In 1809 Napoleon signed a decree establishing a special status zone called the Illyrian Provinces (Slo: Ilirske province), subordinated directly to the French central government. It included western Carinthia with Villach, Gorizia, Trieste and its surroundings, Istria, part of Croatia with Karlovac, Dalmatia with Zadar, the Republic of Dubrovnik and Boka Kotorska. Ljubljana became the administrative and cultural capital of the provinces.
The purpose of this territorial formation was not to restore Slavic Illyria, as Valentin Vodnik wrote in Illyria Revived in 1811, but to create a buffer zone along the Adriatic coast, which would cut off German lands from the sea, and a direct land between France and the Middle East would be established across Istria and Dalmatia.
Despite the dissatisfaction of the Slovenian population with the severe economic crisis (trade with Austrian lands was hindered) and the new tax burden and the recruitment of men into the French Army, the four years of rule under the French authorities were still quite important for the development of the Slovenian language and culture.
The first governor-general of the provinces Marshal August Marmont, made sure that elementary and middle school levels were all in Slovene, while Valentin Vodnik was in charge of providing textbooks. For this he published first Slovenian grammar written in the Slovenian language - Literacy or grammar for first schools.
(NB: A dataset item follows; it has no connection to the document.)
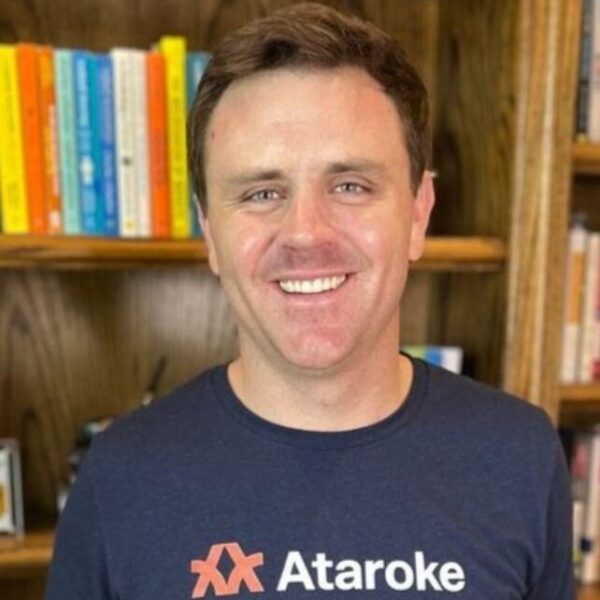 Headshot of Taylor Stewart, CFP®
He also became a headmaster at a lower secondary school and headmaster of folk and art schools.
The integration of the Slovene lands into the Illyrian Provinces had a significant impact on the development of the Slovenian nationalist movement. However in 1813 Austria, following Napoleon’s defeat, regained its full control and sovereignty of the Slovenian lands, while Valentin Vodnik got into trouble for his support to the French. He was banned from working in schools in 1815 and died four years later.